_Problem_
The output must consist only of the lines from the one with "ZANZEA Sweat Arm" through the end of the listing, restated exactly and free of pictures.

%%

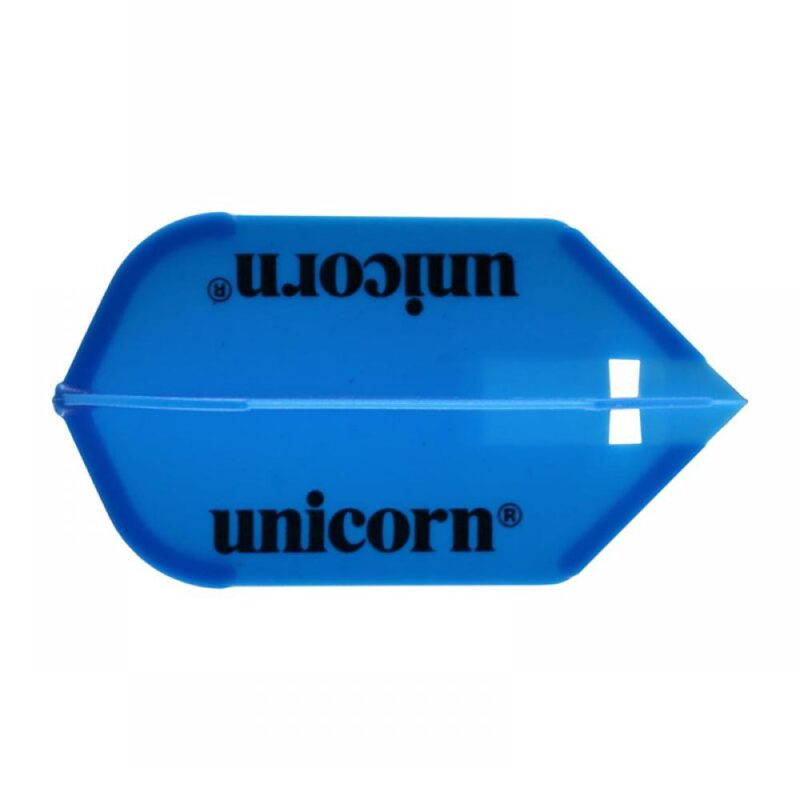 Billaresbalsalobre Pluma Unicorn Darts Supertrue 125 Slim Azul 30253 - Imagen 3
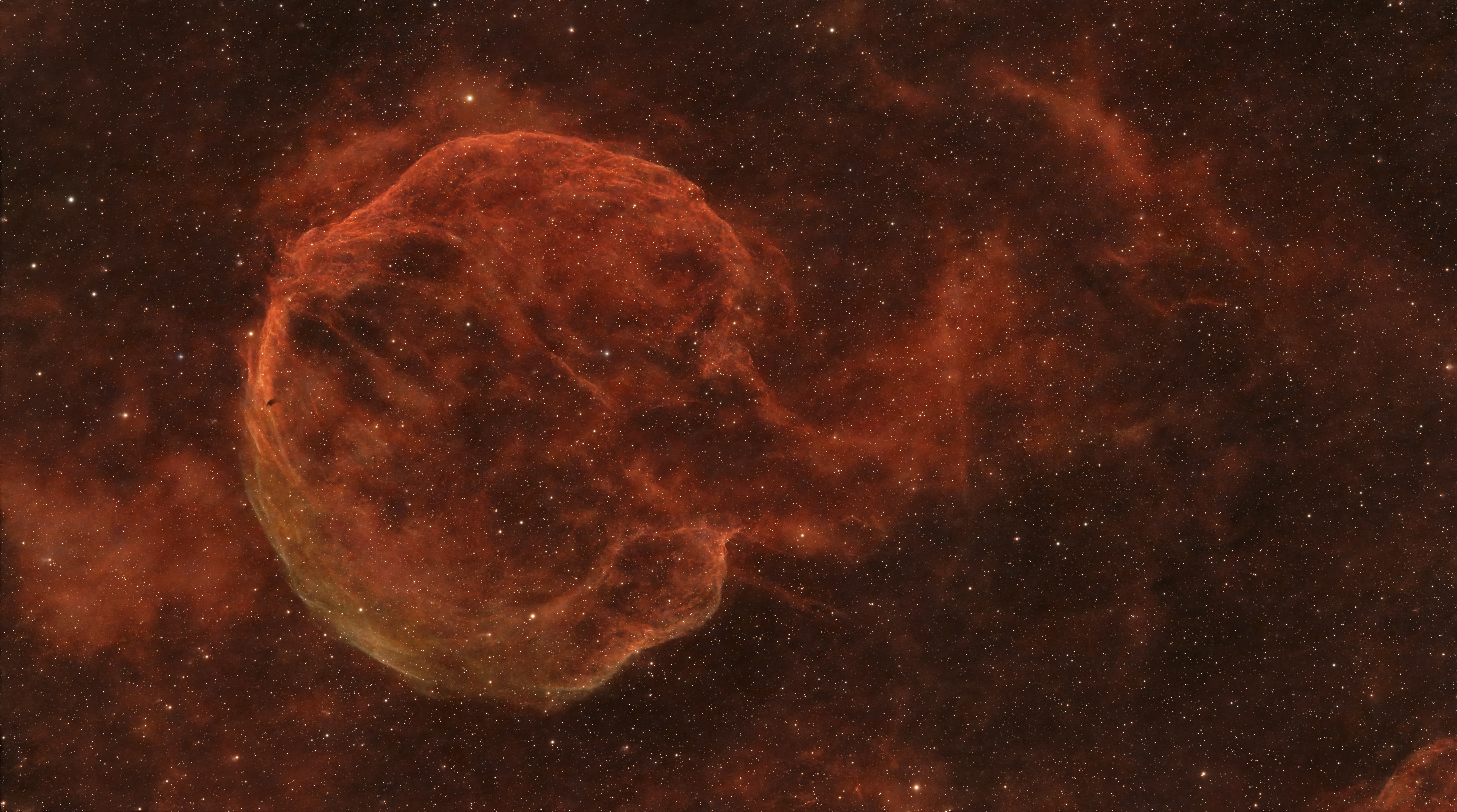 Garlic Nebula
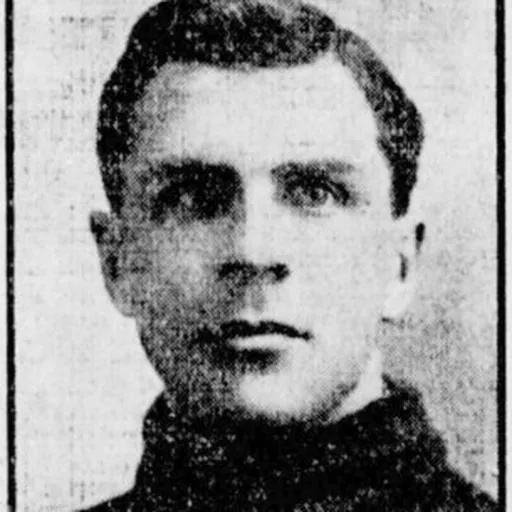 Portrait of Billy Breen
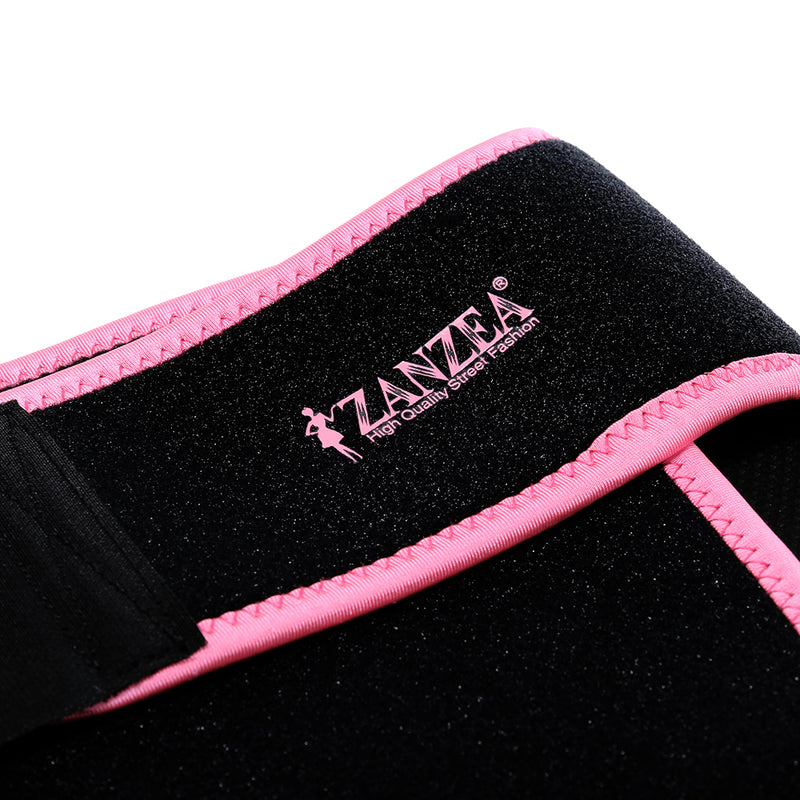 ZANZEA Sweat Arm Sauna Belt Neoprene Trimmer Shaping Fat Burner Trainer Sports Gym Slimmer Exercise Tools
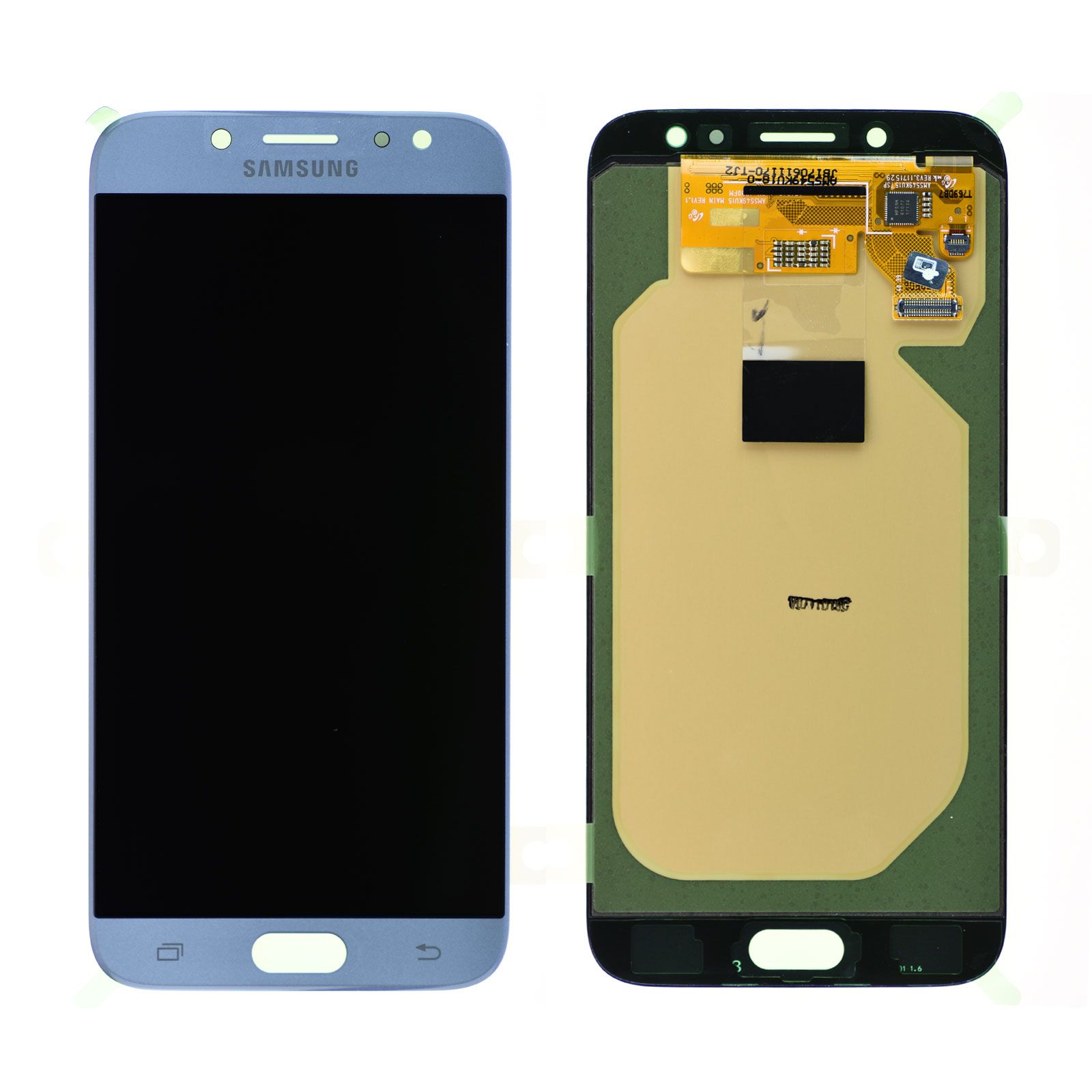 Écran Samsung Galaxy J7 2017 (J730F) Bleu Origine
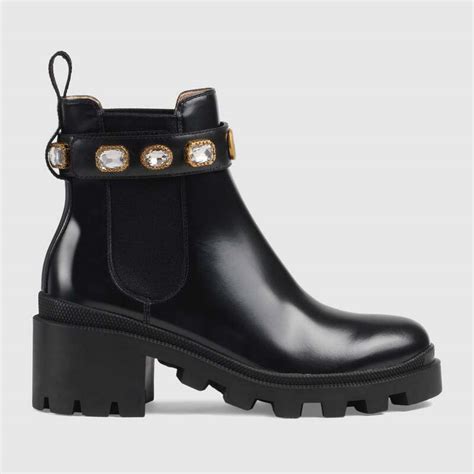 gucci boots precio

%%

_Problem solution_
 ZANZEA Sweat Arm Sauna Belt Neoprene Trimmer Shaping Fat Burner Trainer Sports Gym Slimmer Exercise Tools
 Écran Samsung Galaxy J7 2017 (J730F) Bleu Origine
 gucci boots precio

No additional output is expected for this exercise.